Adams himself has been one step ahead of investigators for years. In 2010, as chairman of the state Senate’s wagering committee, he “demanded” a particular gambling company get a license to operate a slot parlor in Queens. He celebrated with company executives when they won the bid — and then he gave less-than-candid testimony when asked about the deal, according to a state inspector general report. In 2014, the city’s Department of Investigation found his One Brooklyn Fund nonprofit, meant to help local residents, failed to comply with local conflict-of-interest rules. From 2015 to 2019, real estate developers and lobbyists looking for favors from Adams contributed hundreds of thousands to the fund.
By 2021, his many trips to Turkey and China and his questionable fundraising tactics were known. “You’ve been investigated for corruption everywhere you’ve gone,” mayoral candidate Andrew Yang said to Adams at one debate. Years later, the trips to — and donations from — Turkey would form the basis of the bribery and corruption case against him.
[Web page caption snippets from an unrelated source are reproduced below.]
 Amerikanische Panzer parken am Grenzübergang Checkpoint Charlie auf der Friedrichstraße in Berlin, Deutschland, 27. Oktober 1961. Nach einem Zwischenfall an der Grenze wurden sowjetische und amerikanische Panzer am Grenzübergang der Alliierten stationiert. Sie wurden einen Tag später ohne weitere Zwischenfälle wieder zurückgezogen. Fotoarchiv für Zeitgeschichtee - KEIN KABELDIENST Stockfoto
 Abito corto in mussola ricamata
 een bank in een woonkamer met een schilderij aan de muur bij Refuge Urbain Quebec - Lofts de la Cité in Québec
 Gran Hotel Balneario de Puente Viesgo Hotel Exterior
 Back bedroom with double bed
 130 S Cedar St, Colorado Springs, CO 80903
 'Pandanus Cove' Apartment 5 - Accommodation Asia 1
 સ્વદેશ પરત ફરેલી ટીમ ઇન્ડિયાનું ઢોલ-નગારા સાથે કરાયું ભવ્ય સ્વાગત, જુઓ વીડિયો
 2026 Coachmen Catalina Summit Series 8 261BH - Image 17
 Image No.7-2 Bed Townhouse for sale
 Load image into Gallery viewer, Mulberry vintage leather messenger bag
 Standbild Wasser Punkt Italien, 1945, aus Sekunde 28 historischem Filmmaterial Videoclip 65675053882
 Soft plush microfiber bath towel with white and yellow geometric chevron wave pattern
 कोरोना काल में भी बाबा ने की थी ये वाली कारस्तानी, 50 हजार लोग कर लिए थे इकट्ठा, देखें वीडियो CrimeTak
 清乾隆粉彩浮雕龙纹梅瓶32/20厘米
Instead, Adams’ lawyers chose another path, one that has backfired in the worst possible way for him. And the craziest part is, they saw it all coming. “As Mayor Adams continues to help with DHS’ ramping enforcement operations, the risk that his political opponents — and in particular, the City Council — will try to remove him from power will only increase,” they wrote to Bove. “Governor Hochul also could conclude that, at a certain point, the Mayor can no longer devote the attention that his position requires and accordingly take steps to remove him.”
A little more than two weeks later, she was very publicly contemplating doing exactly that.